I hope and trust that your responsibilities will encompass getting to the bottom of this, and I look forward to a more meaningful reply than the usual boilerplate. Thank you for your attention.
 
[here followed a copy of my original letter of April 20 to the news department]

This time the response was both swift and challenging, received the very next day:

Dear Mr. Weltz,

Thank you for writing. There seem to be a couple of issues here. One, the lack of response. Where did you send this initially? To what address? I don't remember seeing this.

Second, to the point you've raised. I will pass this to the regional editors but it doesn't seem you have any evidence yet to warrant a correction.

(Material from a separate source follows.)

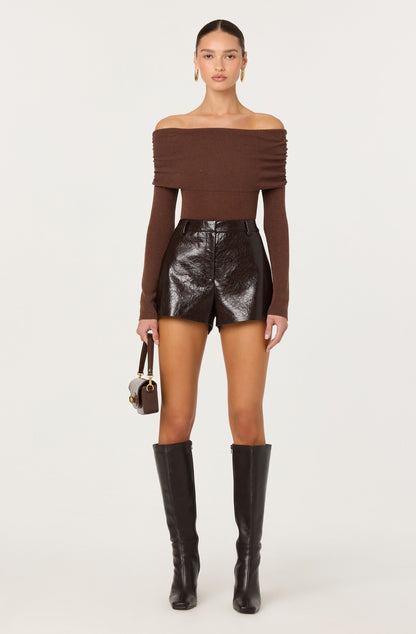 Wynn Faux Leather Shorts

Setting the offensiveness of the idea aside for a moment, your views that the man "wouldn't" have kept the Torah under the register doesn't really qualify as evidence. Do you know the person in question? Were you there that day? What evidence do you have that the information in the article was incorrect?

The distinction, and the  importance in the distinction, between the Torah and the Siddur, is well received and I will ask the editors, but what further information or evidence do you have that specifically refutes the account in the article?

Either way, I will make sure the appropriate person sees your message.

Sincerely,
Michael McElroy
Office of the Public Editor
The New York Times
Note:  The public editor's opinions are his own and do not represent those of The New York Times.

I'd be less than honest if I said that I didn't find the response insulting to me personally; and I'll admit that -- without regret -- I sent back a rather sharply worded response:

The original message was addressed to nytnews@nytimes.com, which is the address supplied by the Times for messages about needed corrections.


With all due respect, any reasonably knowledgeable Jew in your office will be able to tell you that "proof" is hardly required of the errors I pointed out, which are self-evident.

Could you find a few Jews over there, or have they all, like your publisher, abandoned the faith of their forefathers in favor of the much more fashionable Anglican confession?

Or, you could send someone around the corner to the Garment Center Congregation (40th Street just West of Seventh Avenue), where the rabbi could easily explain why my comment is not as sarcastic as it may sound.

For the Time's sake -- not mine -- I hope you will do the appropriate fact-checking and have corrected the embarrassment that has been caused to the newspaper and its staff.

Perhaps the sharp tone and sarcasm did the trick; I'll never know. Today's edition, however, carried in the "City" section the following short notice:

An article on April 20 about a shoe repair shop operated by a Bukharan Jew in South Williamsburg, Brooklyn, referred incorrectly to a book kept under the shop's cash register. It was a siddur, or daily prayer book -- not a Torah, which is a scroll inscribed with the first five books of the Bible and which is traditionally kept in the ark of a synagogue. Go to Article

They say it's tough to argue with people who buy ink by the barrel, but I'm pleased that in this case, at least, the score wound up Judaism 1, NY Times 0.